In the records below, locate the line containing "Apartmán Ana - Studio", then output that line and all later lines exactly, through the last one.
[Opening Record set section]
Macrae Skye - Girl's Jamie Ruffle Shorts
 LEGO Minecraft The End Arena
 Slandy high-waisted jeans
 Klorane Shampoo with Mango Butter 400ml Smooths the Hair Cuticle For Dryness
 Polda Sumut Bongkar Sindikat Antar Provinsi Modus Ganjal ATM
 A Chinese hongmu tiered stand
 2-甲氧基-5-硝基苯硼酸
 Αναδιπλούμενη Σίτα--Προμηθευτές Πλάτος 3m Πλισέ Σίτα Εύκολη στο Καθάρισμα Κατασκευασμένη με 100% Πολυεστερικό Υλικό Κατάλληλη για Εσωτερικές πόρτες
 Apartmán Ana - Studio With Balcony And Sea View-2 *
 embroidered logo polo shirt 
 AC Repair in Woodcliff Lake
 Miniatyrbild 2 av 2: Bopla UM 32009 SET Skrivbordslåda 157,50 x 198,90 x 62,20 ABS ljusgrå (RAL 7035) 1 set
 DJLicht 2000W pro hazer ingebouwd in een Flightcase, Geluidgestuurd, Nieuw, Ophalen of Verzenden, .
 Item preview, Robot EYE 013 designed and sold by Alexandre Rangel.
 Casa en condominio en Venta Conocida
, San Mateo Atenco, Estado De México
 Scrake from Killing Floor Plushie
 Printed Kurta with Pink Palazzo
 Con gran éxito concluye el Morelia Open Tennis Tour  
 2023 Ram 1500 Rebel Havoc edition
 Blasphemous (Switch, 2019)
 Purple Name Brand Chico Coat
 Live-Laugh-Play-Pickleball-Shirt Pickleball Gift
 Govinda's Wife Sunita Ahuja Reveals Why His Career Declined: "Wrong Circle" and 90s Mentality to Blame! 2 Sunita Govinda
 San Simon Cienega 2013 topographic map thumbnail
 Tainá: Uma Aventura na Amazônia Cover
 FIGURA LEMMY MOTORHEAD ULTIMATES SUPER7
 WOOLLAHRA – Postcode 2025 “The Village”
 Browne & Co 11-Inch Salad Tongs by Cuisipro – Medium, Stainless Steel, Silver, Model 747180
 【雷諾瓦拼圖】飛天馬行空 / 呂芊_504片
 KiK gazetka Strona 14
[Closing Record set section]
- Solution to this problem -
 Apartmán Ana - Studio With Balcony And Sea View-2 *
 embroidered logo polo shirt 
 AC Repair in Woodcliff Lake
 Miniatyrbild 2 av 2: Bopla UM 32009 SET Skrivbordslåda 157,50 x 198,90 x 62,20 ABS ljusgrå (RAL 7035) 1 set
 DJLicht 2000W pro hazer ingebouwd in een Flightcase, Geluidgestuurd, Nieuw, Ophalen of Verzenden, .
 Item preview, Robot EYE 013 designed and sold by Alexandre Rangel.
 Casa en condominio en Venta Conocida
, San Mateo Atenco, Estado De México
 Scrake from Killing Floor Plushie
 Printed Kurta with Pink Palazzo
 Con gran éxito concluye el Morelia Open Tennis Tour  
 2023 Ram 1500 Rebel Havoc edition
 Blasphemous (Switch, 2019)
 Purple Name Brand Chico Coat
 Live-Laugh-Play-Pickleball-Shirt Pickleball Gift
 Govinda's Wife Sunita Ahuja Reveals Why His Career Declined: "Wrong Circle" and 90s Mentality to Blame! 2 Sunita Govinda
 San Simon Cienega 2013 topographic map thumbnail
 Tainá: Uma Aventura na Amazônia Cover
 FIGURA LEMMY MOTORHEAD ULTIMATES SUPER7
 WOOLLAHRA – Postcode 2025 “The Village”
 Browne & Co 11-Inch Salad Tongs by Cuisipro – Medium, Stainless Steel, Silver, Model 747180
 【雷諾瓦拼圖】飛天馬行空 / 呂芊_504片
 KiK gazetka Strona 14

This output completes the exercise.